住宅ローンを支払っている夫。婚姻費用や養育費は減額されないのか?

別居中の夫婦において、妻が子とともに夫が住宅ローンを支払う住居で居住し、夫が別の場所に居宅を借りて生活している場合、夫は算定表通り婚姻費用を支払わなければならないのでしょうか。
また、離婚成立後の養育費についてはどのように考えるべきでしょうか。

この点、(婚姻費用や養育費の)義務者が権利者世帯の住居の住宅ローンを支払うということは、実質的には義務者において住居関係費を二重に負担するも同然であり、婚姻費用や養育費の算定に当たってはやはり夫による住宅ローン負担の事実を考慮することが必要なのではないかとも考えられます。
ただし、ここで別に考えなければならないのは、住宅ローンの支払は義務者の財産形成に寄与する面があるということであり、この点から住宅ローン全額を婚姻費用や養育費から控除することもまた公平とはいえないのではないか、ということになります。
それでは、この点につき実務上は一体どのような対応が取られているのでしょうか。

婚姻費用の場合

婚姻費用分担が問題となる時点では、まだ離婚は成立しておらず財産分与はされておりませんので、住宅ローンの支払いを考慮することが妥当ということになります。具体的には、下記のような対応方法があります。

①住宅ローンの支払いを控除する方法

まず、単純に婚姻費用から住宅ローンの支払額を控除するという方法が考えられます。しかし、住宅ローン全額を婚姻費用から差し引くとするこの方法は、非常にシンプルでわかりやすい反面、実務上それほど利用はされていないようです。住宅ローン全額を婚姻費用から差し引いてしまうと権利者世帯の生活がままならなくなるという考慮があるのかもしれません。

②住宅ローンの支払額の一定割合を控除する方法

住宅ローンの全額ではなく、その一定割合を婚姻費用から控除する方法です。

ア 権利者世帯の住居費相当額を控除する方法
イ 住宅ローンの支払額の一定割合を控除する方法

こちらの②イの方法が取られるケースが比較的多いという印象です。
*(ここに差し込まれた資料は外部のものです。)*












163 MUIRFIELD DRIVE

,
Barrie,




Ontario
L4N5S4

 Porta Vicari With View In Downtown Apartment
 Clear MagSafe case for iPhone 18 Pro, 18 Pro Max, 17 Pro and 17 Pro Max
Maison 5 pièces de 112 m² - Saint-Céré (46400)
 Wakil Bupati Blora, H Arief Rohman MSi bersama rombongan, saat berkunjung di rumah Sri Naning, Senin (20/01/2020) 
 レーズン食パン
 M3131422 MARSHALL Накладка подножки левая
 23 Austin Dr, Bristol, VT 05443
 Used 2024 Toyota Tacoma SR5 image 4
その根底には、やはり権利者世帯の生活を保護するという観点からの家庭裁判所の柔軟な判断があるのかもしれません。

養育費の場合

養育費が問題となる時点では、離婚が既に成立し財産分与も完了しているのが通常です。そして、その財産分与において住宅ローンの存在は既に考慮されているのが通常ですから、養育費の金額の算定に当たって住宅ローンの支払いが考慮されることは通常ありません。
もっとも、住宅ローンがオーバーローンとなり財産分与による清算ができない場合や、財産分与自体が未了の場合、婚姻費用と同様に住宅ローンの支払いが養育費金額の算定に当たって考慮される場合があります。